We are pleased to bring to you a guest post by Arun Mohan on the recent Madras High Court judgment in the Ilayaraja copyright dispute. Arun is a graduate of the London School of Economics and has experience in working on intellectual property and commercial matters, in India and internationally. He has worked on various prominent IP disputes including appearing for Rajinikanth in the recent landmark decision on celebrity rights, in the TVS v. Bajaj patent dispute and against Google in the ongoing litigation on the use of third party trademarks in its Adword program. He also regularly appears before the Intellectual Property Appellate Board and Competition Commission. He is a guest lecturer at NALSAR focusing on intellectual property litigation and a consulting editor of the Manupatra Intellectual Property Reports (MIPR). He also regularly appears regularly in several arbitration forums with an emphasis on energy and infrastructure. He has authored a number of guest posts for us in the past, the most recent of which can be viewed here, here, here and here.

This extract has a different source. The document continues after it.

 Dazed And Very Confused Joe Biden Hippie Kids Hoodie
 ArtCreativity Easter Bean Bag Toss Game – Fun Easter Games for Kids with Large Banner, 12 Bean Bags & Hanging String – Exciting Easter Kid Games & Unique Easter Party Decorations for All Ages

Why the Ilayaraja Judgment Is a Boon for Producers
The recent judgement involving Ilayaraja is undoubtedly a modern milestone in intellectual property jurisprudence. It addresses in depth the rights of composers and producers, especially in the light of the much vaunted 2012 amendment of the Copyright Act. The interpretations, which use various resources including international treaties, is terrifically nuanced and injects a much needed boost to modern copyright law.
The many press reporting of this judgement have hailed this judgement as a victory of composers’ rights, fitting quite neatly into the narrative surrounding the 2012 amendment.
However, in substance the judgement confirms absolutely the rights of producers as owners of “sound recordings” in films, prior and post the 2012 amendment. The judgement also subsumes “musical works” into “sound recordings” by stating once “musical works” find expression as “sound recordings” i.e. in a film, further “sound recordings” cannot be made based on the same. The only limitation that is placed on the producer is the exploitation of the musical work in a manner other than as expressed in the sound recording, for example as a standalone instrumental piece. Similarly, the composer stands restricted in expressing the musical work as a sound recording in any other manner, for example as a song with different lyrics in another film. Practically therefore, commercial exploitation of the music in the version we know it (song and dance) remains undoubtedly with the producer. Interestingly, amongst the grounds for such conclusion has been the “stature” of Ilayaraja, leading to a finding that the arrangement between the parties could not have been a “work for hire” but was on a “principal to principal” basis. This is relevant as a “work for hire” would vest even the musical work with the producer as per the order, a portion which producers are likely to pounce upon for future disputes with persons bereft of such “stature”.
Finally, in recognizing the risk the producer assumes, the order concludes that the ownership of sound recordings vests with him/her unitarily (unless there is an agreement specifically retaining ownership by the composer). The order recognizes the “extremely attractive argument” that all rights in musical works and sound recordings ought to vest with the composers but does not agree with the argument.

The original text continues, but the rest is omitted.